Having been asked to speak at a Henry Handel Richardson seminar, on the particular question of developments in the study of her life and work in the half century since she died, makes me feel that in one basic way the question answers itself. The very fact of this seminar being held, producing plenty of new ideas and information, together with reports of new publications and research projects, testifies to the continuing vitality and expansion of what I'll call 'Richardson Studies'. Testifies also to a broad though by no means unambiguous critical agreement that she was a major Australian novelist, whose work merits and repays serious, extensive study - a view held at least as strongly today as it was at the time of her death in 1946. She wasn't one of those artists famous in their lifetime whose reputation faded soon after they had themselves passed on.

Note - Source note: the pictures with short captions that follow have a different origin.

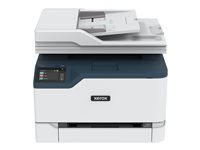 Xerox C235 - multifunksjonsskriver - farge C235V_DNI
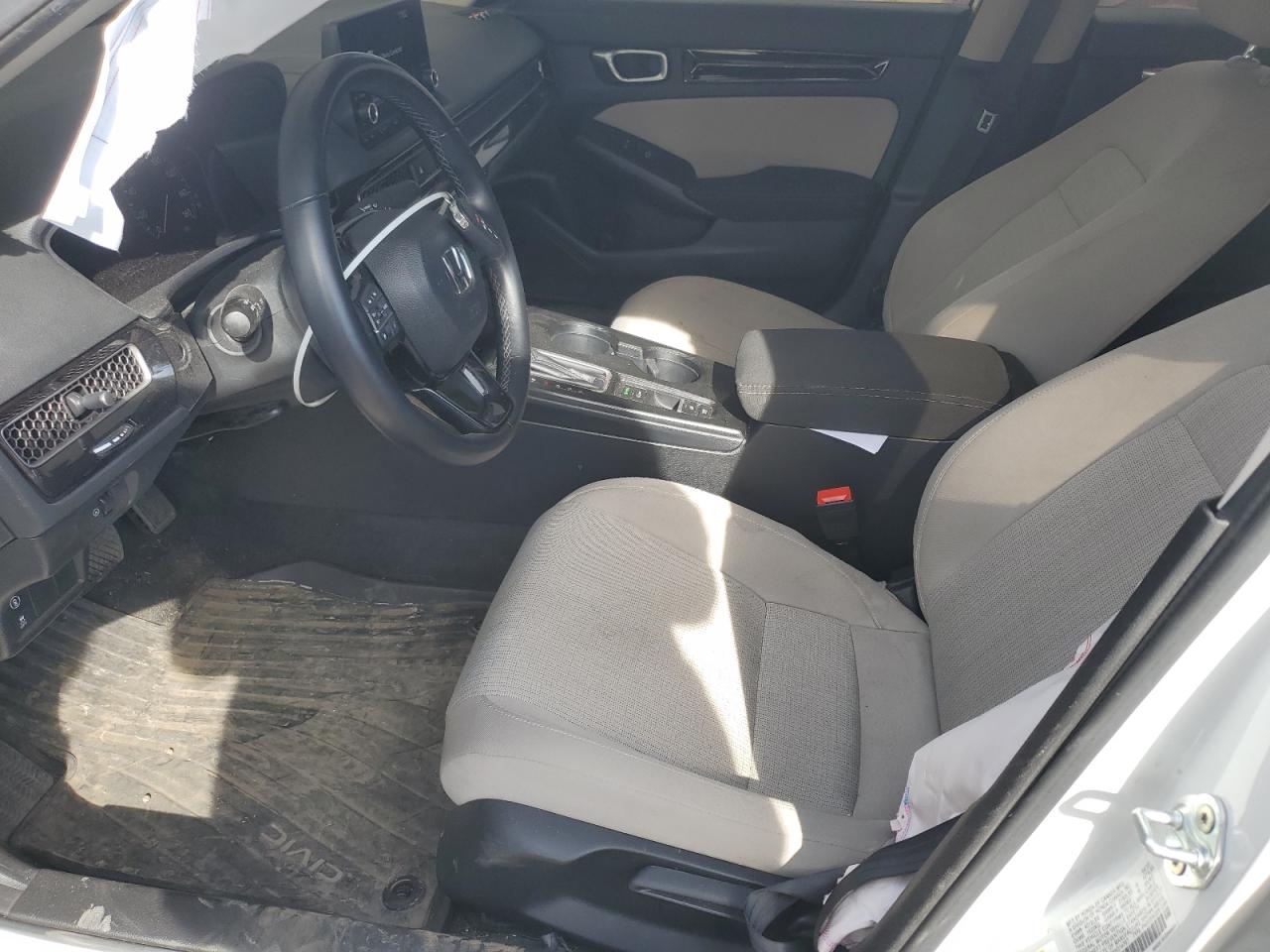 2023 Honda Civic - Image 7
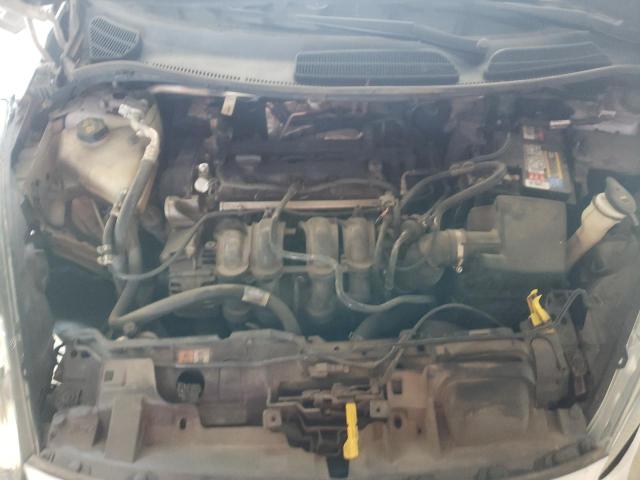 Photo 7 from auction – 2015 FORD FIESTA S with VIN 3FADP4AJ5FM157529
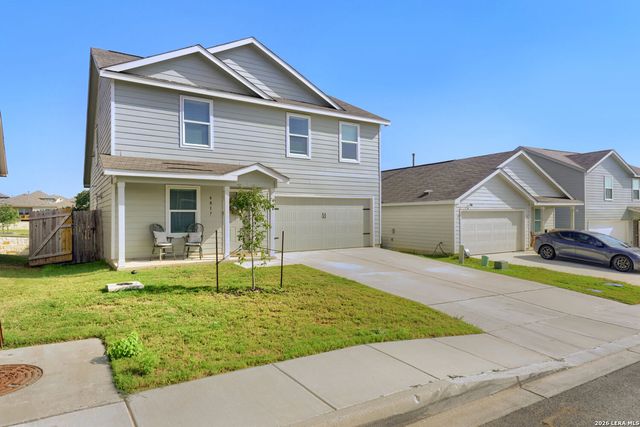 6017 Companion Loop, Bulverde, TX 78163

But though scholarly interest in her endures and flourishes, she has passed beyond living memory. Nettie Palmer, the greatest sponsor of her reputation as a writer, who published the first book on her in 1950, and after her death was for many years the only significant critical commentator on her work who had known her personally, died in 1964. Almost everyone who ever knew HHR personally has also passed on now. And this has meant a shift of perspective for scholars.
Inevitably over the decades several other important commentators have also died. I'm thinking particularly of Dorothy Green, whose biographical and critical study, Ulysses Bound, was a landmark when it appeared in 1973. Dorothy gave considerable impetus to Richardson Studies by writing this book; also by originating the project of a centenary Henry Handel Richardson Seminar at the National Library in 1970, and presenting a lecture at that seminar. Entering the library for the 1997 seminar I felt her absence strongly. But one other speaker at the first seminar did come to the second, I'm happy to say: my mother, Dymphna Clark, who gave the first extended account of HHR's work as a translator. To be speaking in her presence, and as part of a tradition to which she made an original contribution, has given me some sense of continuity in Richardson Studies (although that's a locution my mother may not wish to be identified with).